Task statement
For the material that follows, return exactly the lines from the one with "Bedroom number one" through the one with "Imagine yourself in", both ends included.

Material shown
________________
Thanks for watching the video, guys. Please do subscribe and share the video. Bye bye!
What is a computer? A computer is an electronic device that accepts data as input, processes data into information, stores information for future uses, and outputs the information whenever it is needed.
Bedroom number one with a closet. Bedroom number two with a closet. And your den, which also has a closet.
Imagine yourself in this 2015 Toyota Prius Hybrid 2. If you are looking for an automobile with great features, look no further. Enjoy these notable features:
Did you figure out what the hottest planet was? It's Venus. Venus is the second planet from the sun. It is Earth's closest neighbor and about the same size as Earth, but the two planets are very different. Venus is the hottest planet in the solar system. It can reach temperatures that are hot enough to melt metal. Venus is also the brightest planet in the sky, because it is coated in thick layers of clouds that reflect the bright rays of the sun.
________________
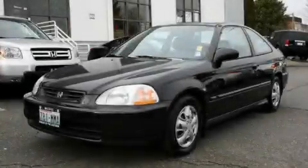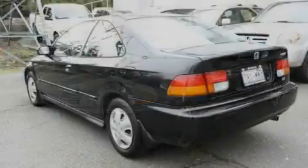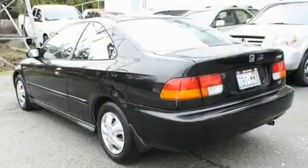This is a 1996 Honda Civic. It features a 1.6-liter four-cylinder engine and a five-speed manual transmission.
________________
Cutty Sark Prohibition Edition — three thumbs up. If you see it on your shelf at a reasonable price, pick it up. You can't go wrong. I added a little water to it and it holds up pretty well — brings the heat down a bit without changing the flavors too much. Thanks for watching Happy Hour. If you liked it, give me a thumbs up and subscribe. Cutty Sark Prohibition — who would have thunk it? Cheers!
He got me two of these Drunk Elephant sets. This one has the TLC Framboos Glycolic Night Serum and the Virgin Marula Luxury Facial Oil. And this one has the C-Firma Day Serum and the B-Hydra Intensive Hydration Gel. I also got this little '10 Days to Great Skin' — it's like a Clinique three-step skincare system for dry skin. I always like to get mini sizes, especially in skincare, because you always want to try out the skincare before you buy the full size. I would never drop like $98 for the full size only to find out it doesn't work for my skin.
________________
Task solution
Bedroom number one with a closet. Bedroom number two with a closet. And your den, which also has a closet.
Imagine yourself in this 2015 Toyota Prius Hybrid 2. If you are looking for an automobile with great features, look no further. Enjoy these notable features:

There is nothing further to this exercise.